Once the image is triggered and an output is generated by the AI, it is saved in the dedicated prompt output attribute on the relevant image. Next, the image is pushed into the Generative AI Review workflow to review the prompt output. The user can customize which image workflow or workflow step the image is pushed to when the output is generated.

Image-related prompts

There are four different use case categories, each with their own prompt(s).

For generating content using internal image binary to text, three different prompts are available. Prompt - IBBASET64TT - Full Description generates text that describes the image based on a visual interpretation of the internal image. Prompt - IBBASET64TT - Extract Texts extracts all text within the image based on a visual interpretation of the internal image. Prompt - IBBASET64TT - Alt-Text generates alt-text for the image based on a visual interpretation of the internal image.

For generating content using external image binary to text, three different prompts are available. Prompt - IBURLTT - Full Description generates text that describes the image based on a visual interpretation of the internal image. Prompt - IBURLTT - Extract Texts extracts all text within the image based on a visual interpretation of the internal image. Prompt - IBURLTT - Alt-Text generates alt-text for the image based on a visual interpretation of the internal image.

To analyze the content and generate a text-to-text AI output, three different prompts are available. Prompt - IMETATT - Product Type determines the type of product in the image based on the image data output. Prompt - IMETATT - Product Usage determines the usage of the product in the image based on the image data output. Prompt - IMETATT - SEO Keywords generates SEO keywords for the image based on the image data output and the data of the products referencing the image. These prompts can be executed in sequence with those of the previous two categories, where the output for one prompt can be used for the input of the other.

Prompt engineering

A prompt is defined by its input, such as any relevant attributes, instructions, and the products which reference the prompt. Prompt input may include:

  • Parameters

  • Sort order for sequential prompt execution

  • Image metadata attributes, focus attributes, and product attributes

  • Persona, target audience, and message tone

  • Mandatory output attributes and maximum number of characters

The most straightforward way to create a new prompt is to copy an existing one, duplicate output and target attributes for it, add them to the relevant List of Values (LOV), and then edit the new prompt.

The image input and output attributes used in each prompt get their selectable values from an LOV. The easiest method for creating a new input / output attribute is to duplicate an existing one and add the ID for the new image input / output attribute and the name of the LOV.

Automating the execution of prompts

By default, executing a prompt to generate an output is done by either manually selecting the Generate AI Output button, or by executing a relevant bulk update.

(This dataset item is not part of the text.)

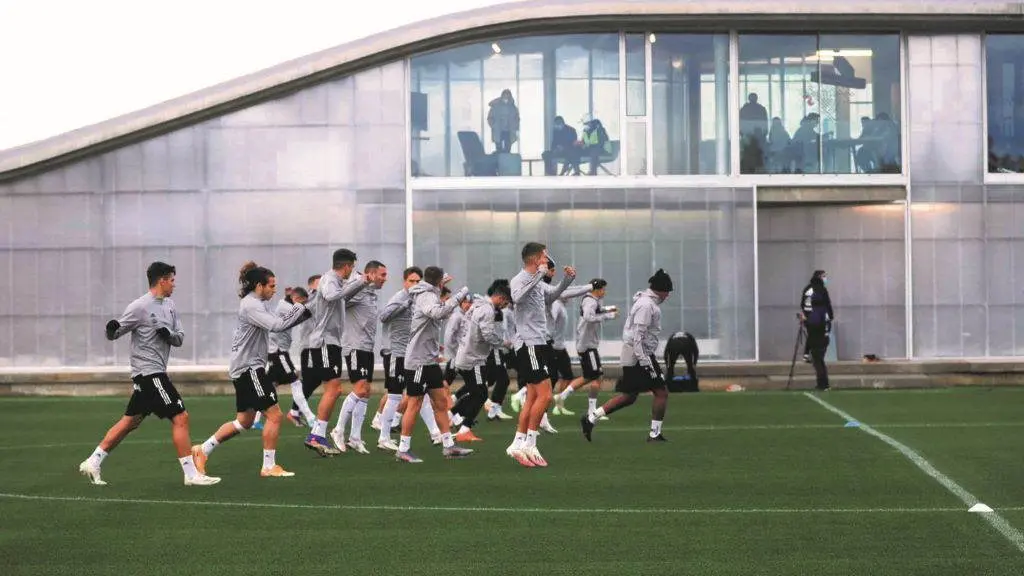 A escuadra celeste adestrouse xa nas novas instalaci&oacute;ns da Cidade Deportiva Afouteza, en Mos. (Foto: RC Celta).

In either case, a business rule is executed and an event is generated in the event processor. To automate prompt execution, use the code of the business rule which generates events for the event processor either as part of an import, as part of an existing workflow, or as part of another existing process or business rule.

Embed into existing workflow

By default, after the AI output is generated, the solution initiates images into a workflow called GenAI Review Workflow – Image Texts. If desired this can be changed to another existing workflow or workflow state. To accomplish this, the user must edit the business rule GenAI - Text for Images – Generate Output and change the variable “aiReviewWorkflow” to the ID of the desired workflow. To initiate the image into a specific state of the workflow, change the code under “Initiate in Ai Review or Error Workflow”.

Automatically copy output to target attribute

By default, the business rule responsible for copying the generated output to the target attribute on the image or product is GenAI – Text for Images – Copy To Target. If desired, this can be changed to another attribute by enhancing the business rule with, for example, a lookup table that matches output and target attributes.